AUTHORLINK: Ha ha ha Yes, your answer is kind of funny-sad. Sorry to hear you’re recently single and sorry about your first partner who passed away. Life is so precious. Mr. Fell, thank you so much for your time today. We wish you every success for THE SIGN FOR HOME and many others like it to come.

FELL: Thank you.

ABOUT THE AUTHOR: Blair Fell writes and lives in Jackson Heights, New York. He’s won the Shine Award for his work on the television series Queer As Folk, and a Golden Mic award for his political commentary segment on the Public Television series and the Emmy Award-winning California Connected. 

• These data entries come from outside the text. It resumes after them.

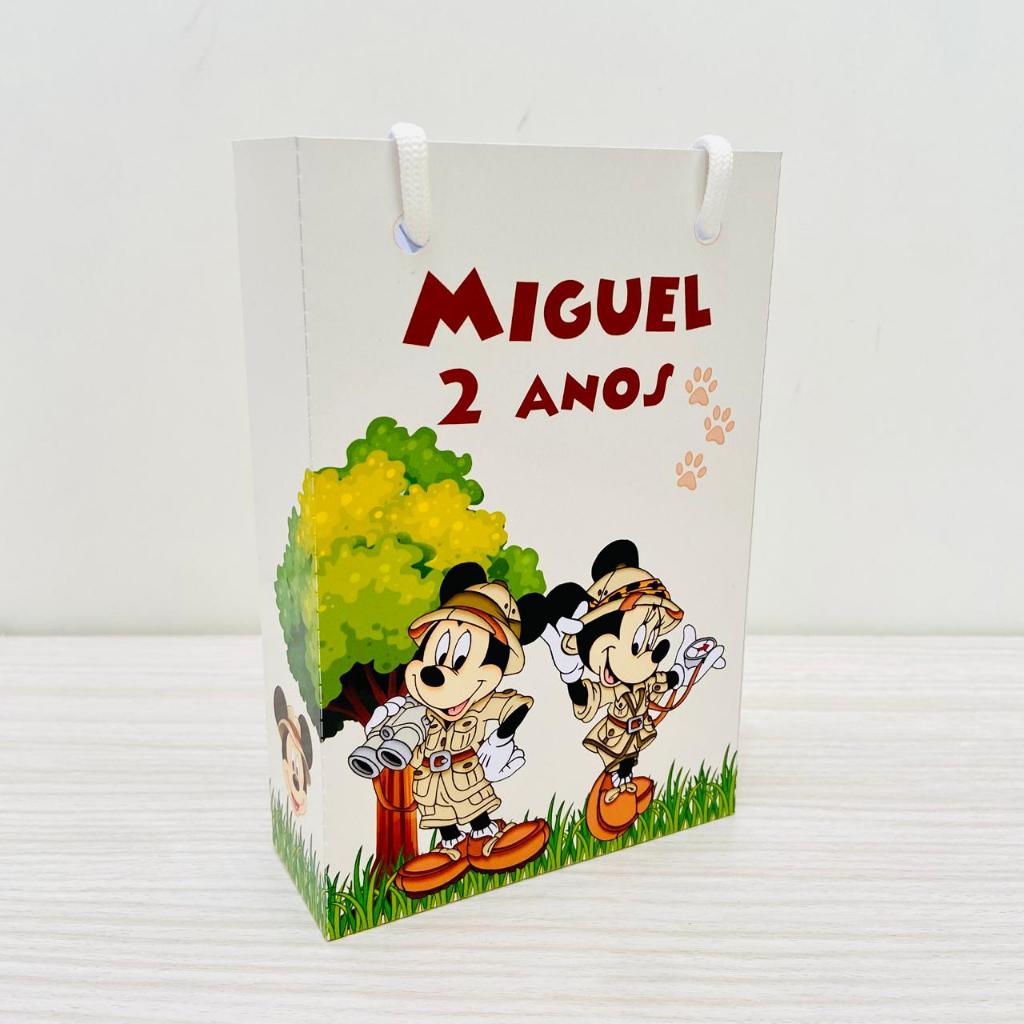 SACOLINHA P PERSONALIZADA MICKEY SAFARI / LEMBRANCINHA MICKEY SAFARI / ANIVERSÁRIO MICKEY SAFARI / FESTA MICKEY SAFARI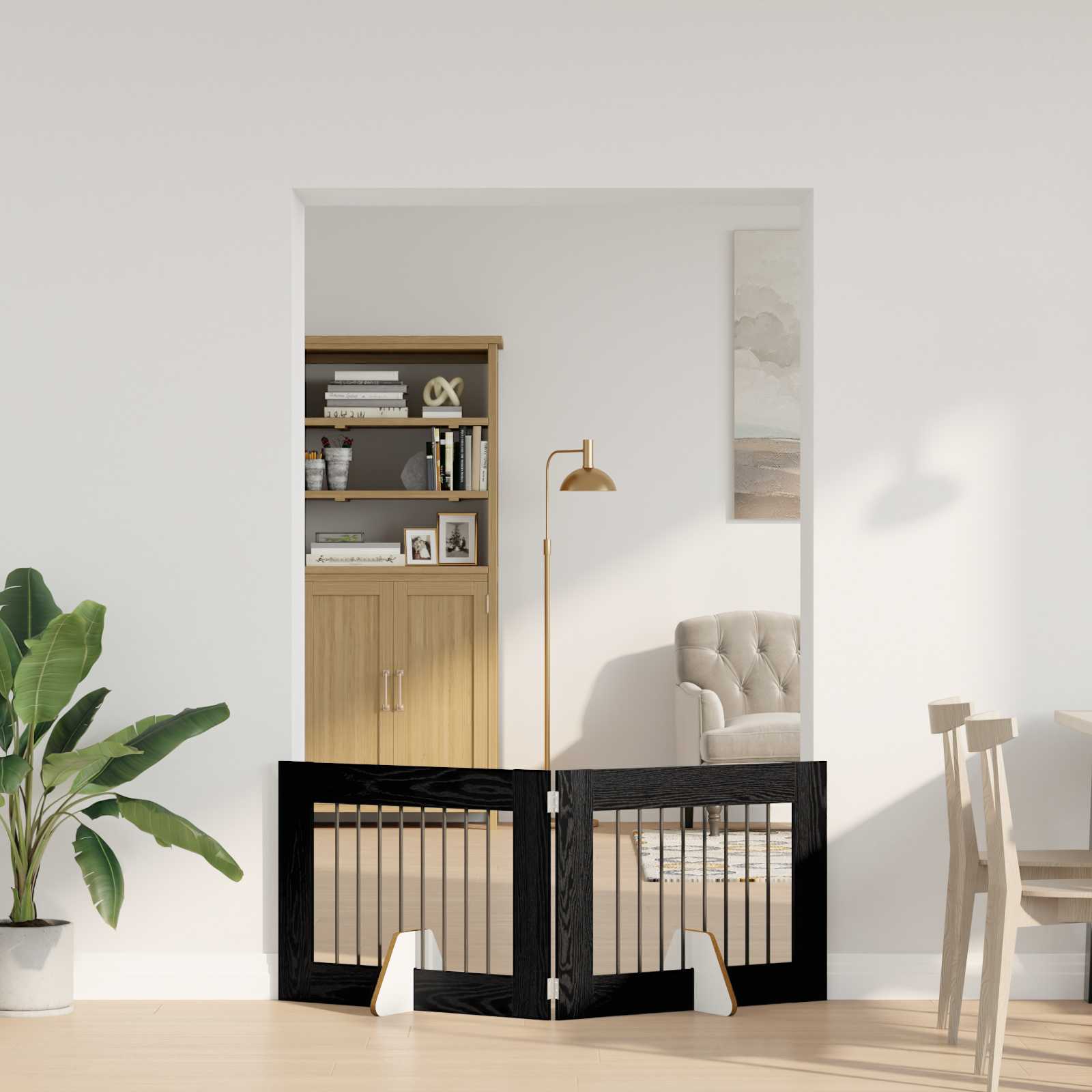 Vrata za pse s postoljem 2 pcs Crni hrast 80 x 60 cm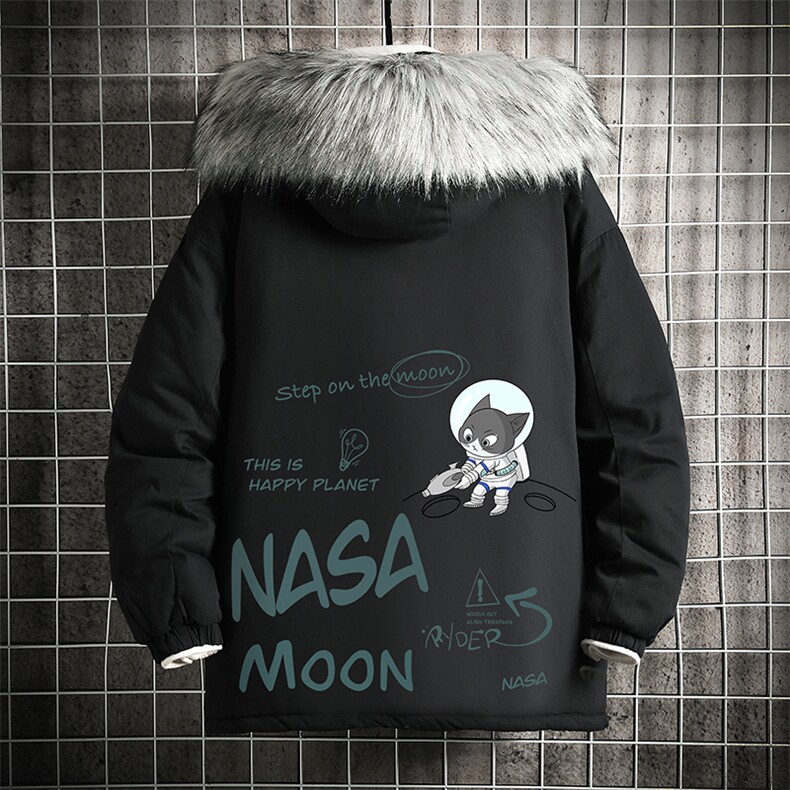 MM48187-P130冬季大毛领棉衣男士大码加厚棉袄男棉服网格,男装棉衣,电商A040A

Blair’s written dozens of plays, including the award-winning plays Naked Will, The Tragic and Horrible Life of the Singing Nun, and the downtown cult miniseries Burning Habits. His plays have won the HX Camp comedy award, the 7 Dramalogue awards, The Robbie Award, and been nominated for the LA GLAAD Best Play award, The Dublin LGBT Theater Festival Best Playwright award, and The NY Fringe Festival Best Ensemble Award. His personal essays have appeared in HuffPost, Out, Daily News (New York), and more.

He’s a two-time winner of the prestigious Doris Lippman Prize in Creative Writing from the City College of New York, including for his early unfinished draft of THE SIGN FOR HOME. Concurrently with being a writer, Blair has been an ASL interpreter for the Deaf since 1993 and has also worked as an actor, producer, and director.